Advocating for prehabilitation is premature, especially when resources are insufficient for rehabilitation, says Stubblefield, who has dedicated his medical career to restoring cancer survivors’ quality of life.

Currently, even at prestigious cancer institutions that are recognized for evaluating and taking care of posttreatment complications, too many people who need therapeutic rehabilitation don’t receive it, he adds.

Julie Silver, a cancer survivor, physiatrist and associate professor at Harvard Medical School in Boston, agrees with Stubblefield about the wide gap between cancer survivors who need rehabilitation and those who actually receive it. But she is a strong proponent of prehabilitation.

The company she cofounded, Oncology Rehab Partners, developed STAR (Survivorship Training and Rehabilitation), a program designed to help hospitals and cancer centers implement rehabilitation protocols that focus on improving outcomes. This includes prehabilitation protocols to help patients with newly diagnosed cancer get ready for upcoming treatments. Among the healthcare centers that have adopted the prehab program is St. Francis Health System, where McKitrick is a certified STAR clinician.

Individualized Interventions
Regardless of the time frame between diagnosis and start of treatment, it’s smart to obtain a baseline screening to identify the targeted interventions that could improve recovery and enhance a survivor’s quality of life, Silver says.
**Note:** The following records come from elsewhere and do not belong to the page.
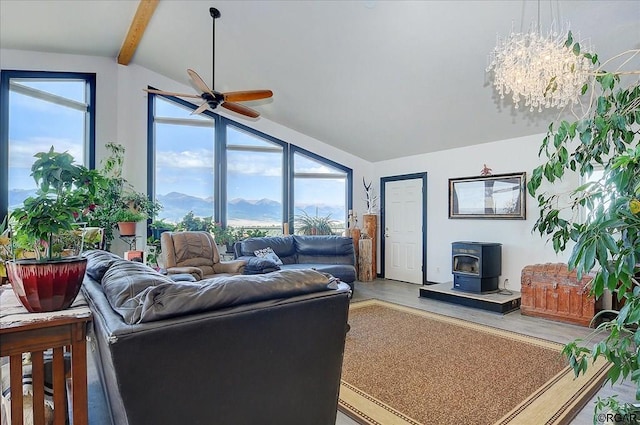 living room with a mountain view, vaulted ceiling with beams, a wood stove, and ceiling fan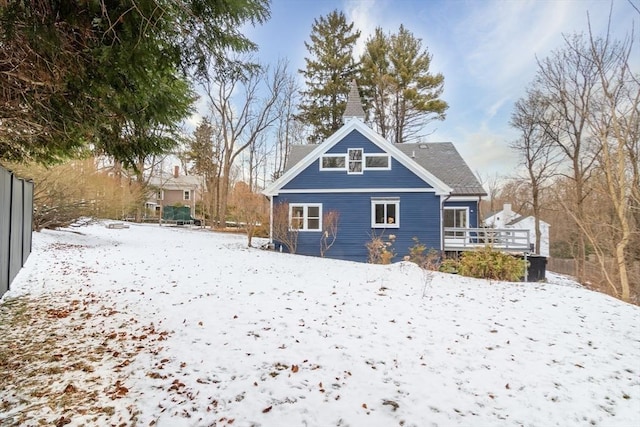 snow covered rear of property with a wooden deck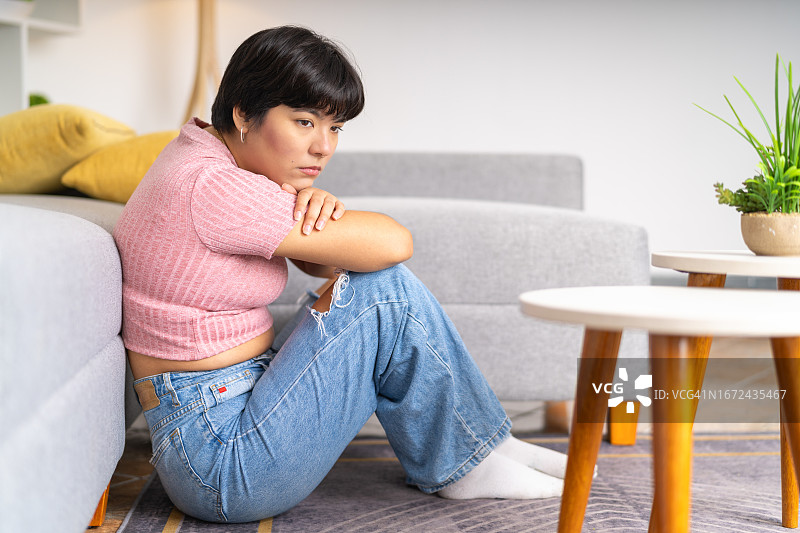 坐在客厅地板上的沮丧妇女图片素材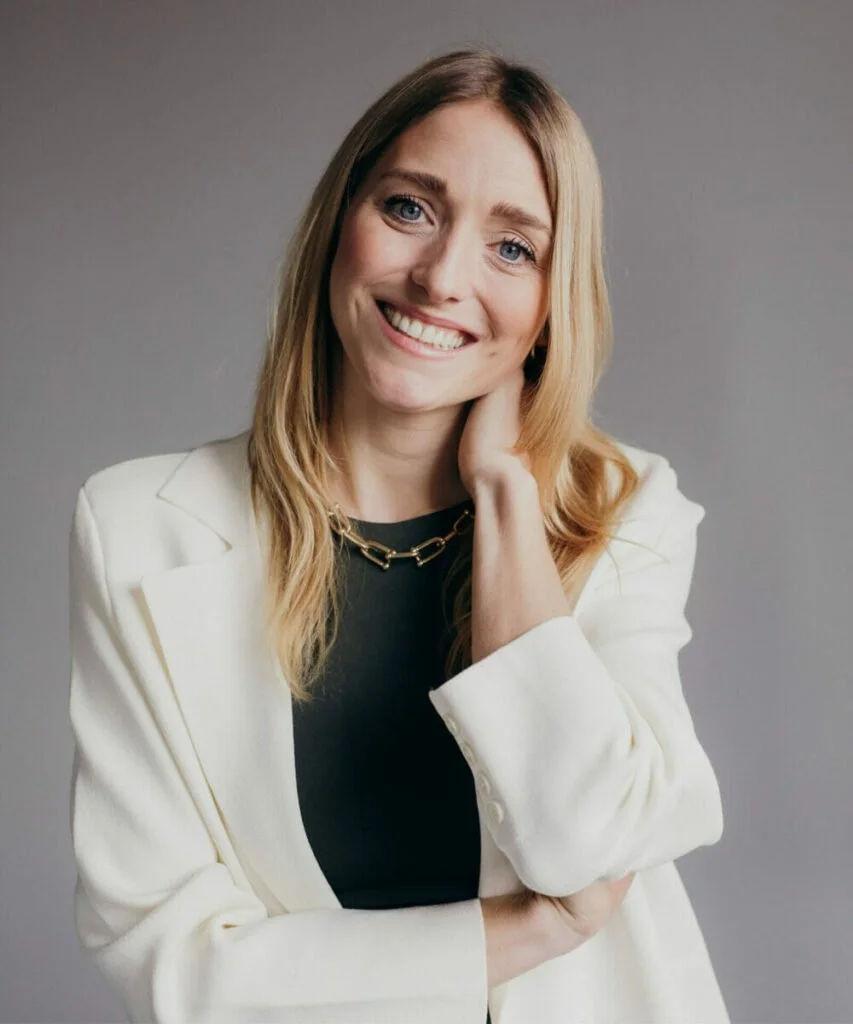 Eine lachende Frau mit blonden, gewellten Haaren, weißem Blazer, schwarzem Oberteil und goldener Kette poses auf einem grauen Hintergrund.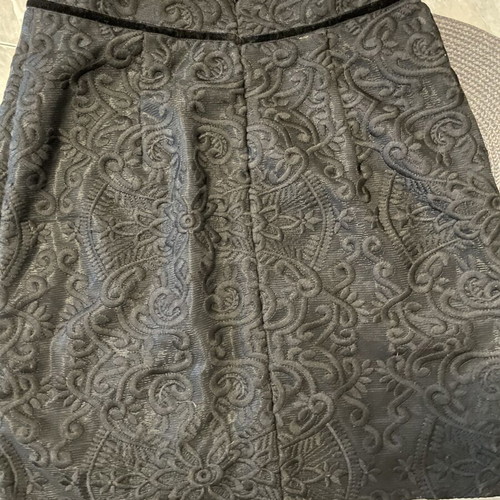 Zinas black mini pencil skirt made of embossed brocade fabric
These could involve swallowing exercises before surgery for head and neck cancers, smoking cessation to improve breathing function prior to lung cancer surgery or pelvic floor exercises to reduce urinary incontinence after prostate cancer surgery. Interventions also could take the form of a nutritional boost to fight fatigue or balance training exercises to help prevent falls.
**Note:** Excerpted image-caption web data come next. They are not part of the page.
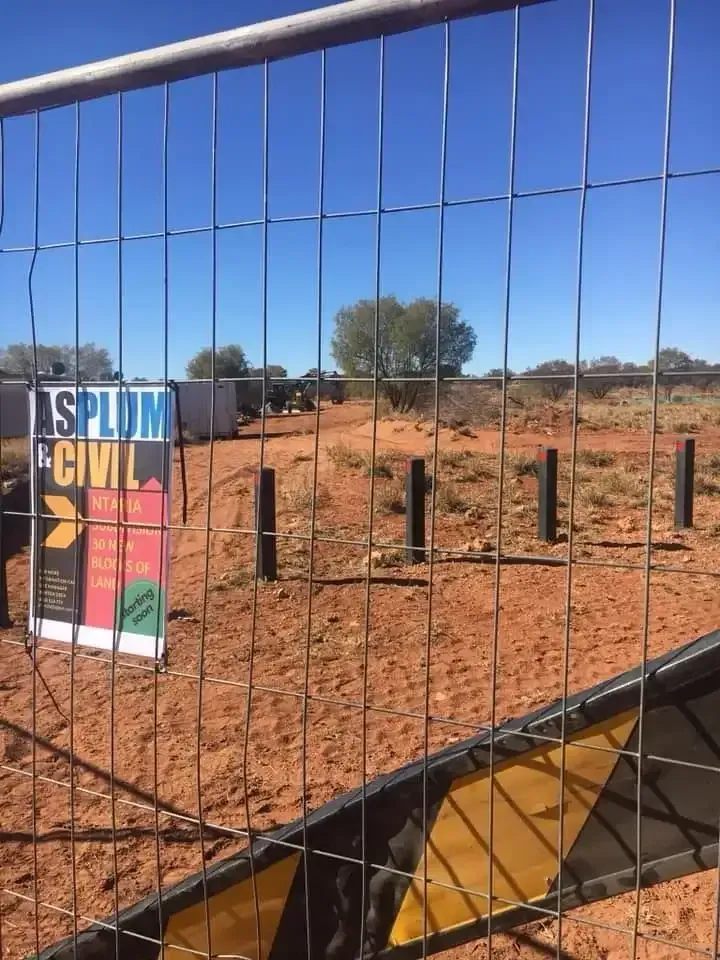 A Fence With a Sign on It That Says Asylum Civil — ASPLUM & CIVIL In Alice Springs, NT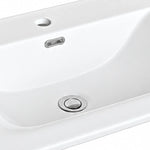 Close-up of white ceramic sink with overflow hole and drain detail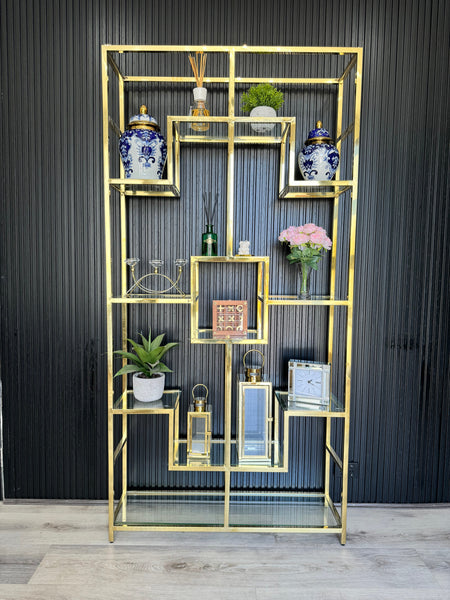 Gold Nelson Bookcase styled with decorative jars, plants, books, and lanterns – a luxurious shelving unit showcasing elegant home décor arrangements.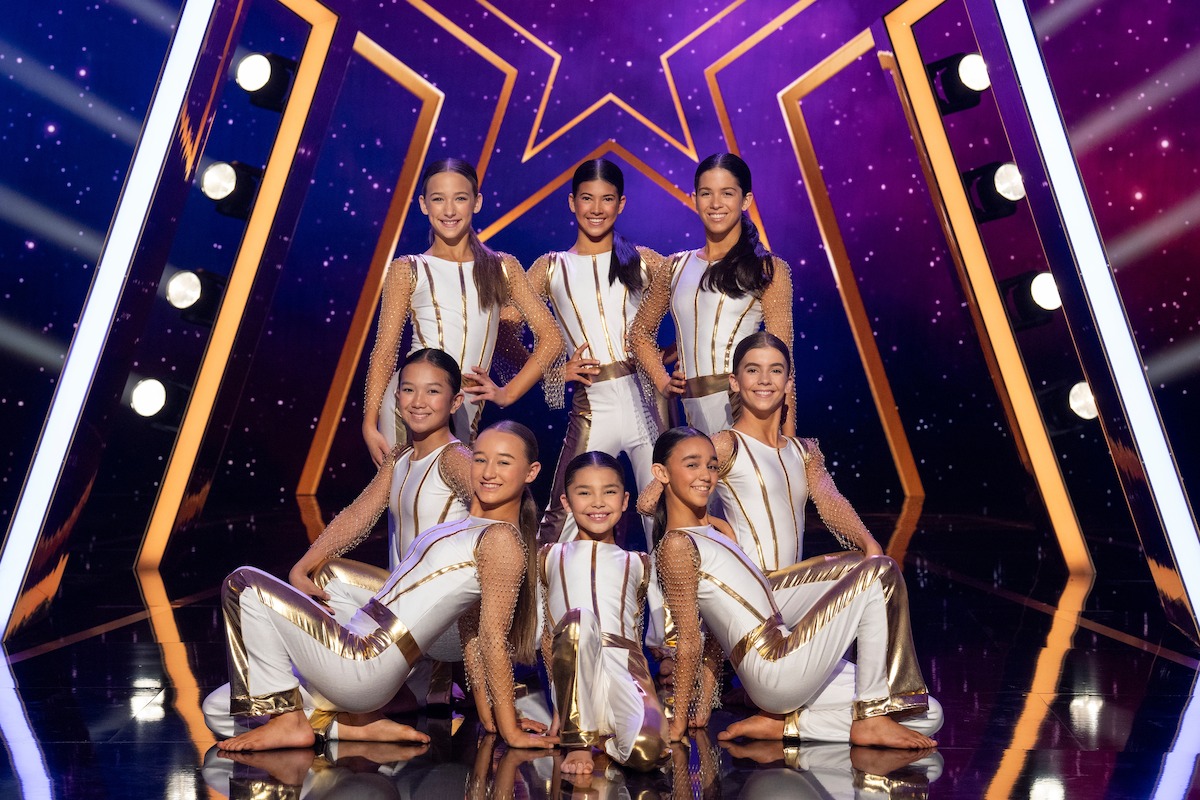 The Force in matching white and gold costumes pose together on a brightly lit stage with a star-studded background and geometric light designs.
A psychological health assessment is also important because, among other reasons, mental health and attitude can affect whether a patient will adhere to a treatment regimen, she adds.
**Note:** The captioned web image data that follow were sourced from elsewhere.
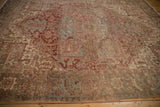Distressed vintage Heriz carpet showing floral border with serrated leaves, dusty red, silver tones.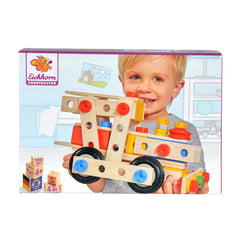 A young child with blonde hair smiles while holding a wooden construction toy against a colorful background featuring playful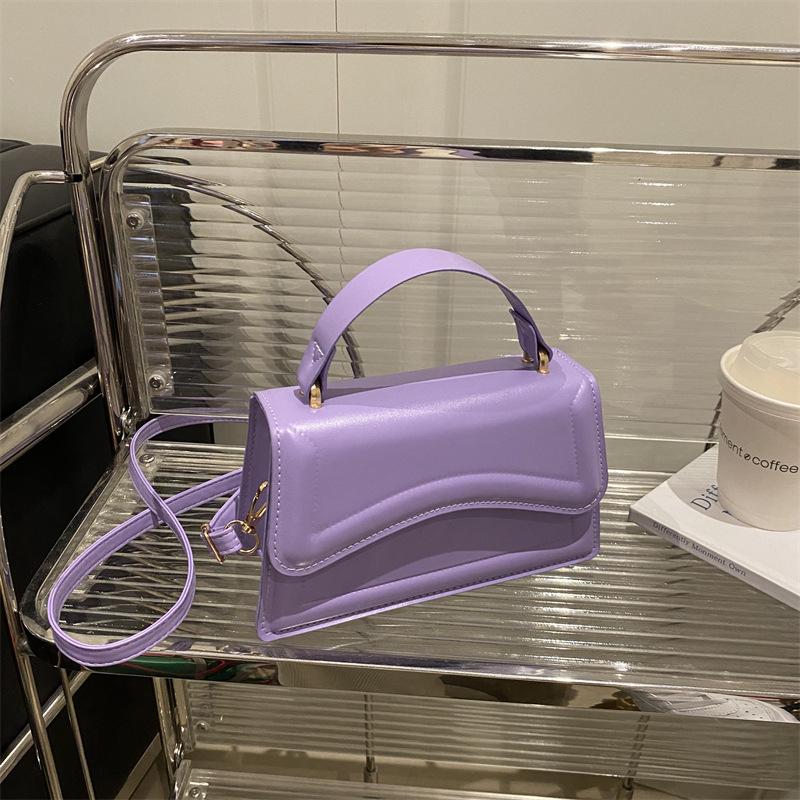 Personalized trend contrasting colors, fashionable and simple 2025 summer indentation new single shoulder oblique span portable small square bag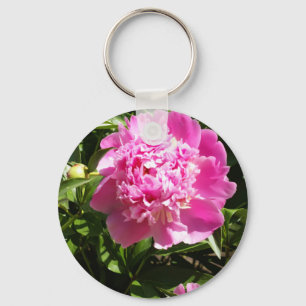 Donkerroze pinda's sleutelhanger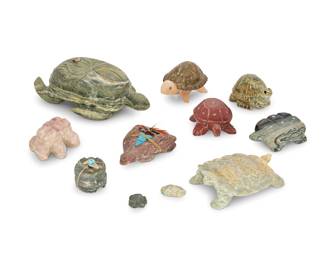 2318 A group of nine Zuni carved stone turtle and frog fetishes Mid/late 20th century, mostly Zuni Pueblo Most variously incised with signature, initials, or artist's cipher From artists including Louise Singer, Ulysses Mahklee, and Herbert Him, carved from various hardstones and one pipestone; most with inset turquoise eyes or accents, together with one frog 10 pieces total Largest: 1.5" H x 4.75" W x 2.75" D; Smallest: 0.25" H x 0.75" W x 0.7625" D Estimate: $200 - $400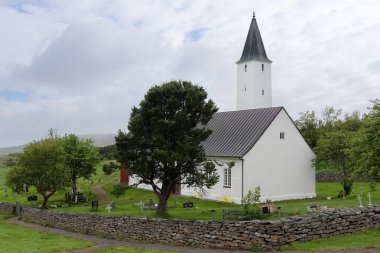 Holar, İzlanda, 12. Haziran 2024 'te, bulutlu bir günde İzlanda' nın Holar kentindeki bir mezarlığın üzerinde yükselen koyu gri çatılı ve yüksek çan kulesiyle beyaz köy kilisesi binası.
“It’s reasonable to assume that patients will have some level of distress that changes with time,” Silver says. By giving them cognitive-behavioral coping skills, such as guided imagery and muscle relaxation techniques, they can learn to reduce their stress response, which could result in lowering their heart rate and blood pressure before going into surgery, she says.

Though prehabilitation is relatively new for people with cancer and its potential is yet unknown, few would argue against supporting patients prior to treatment in an effort to enhance their recovery. Future studies might show whether early intervention could reduce hospital readmission or lower overall healthcare costs.

Meanwhile, patients should ask their oncologist or other members of their healthcare team if prehabilitation services are available where they are being treated, Silver says. If they are offered, patients should ask how they can access those services as soon as possible, she adds, even if the period between diagnosis and the start of treatment is packed with appointments.

Editor’s Note: During the formation of this article, McKesson Specialty Health, CURE’s parent company, purchased a majority stake in Oncology Rehab Partners. CURE is editorially independent from McKesson.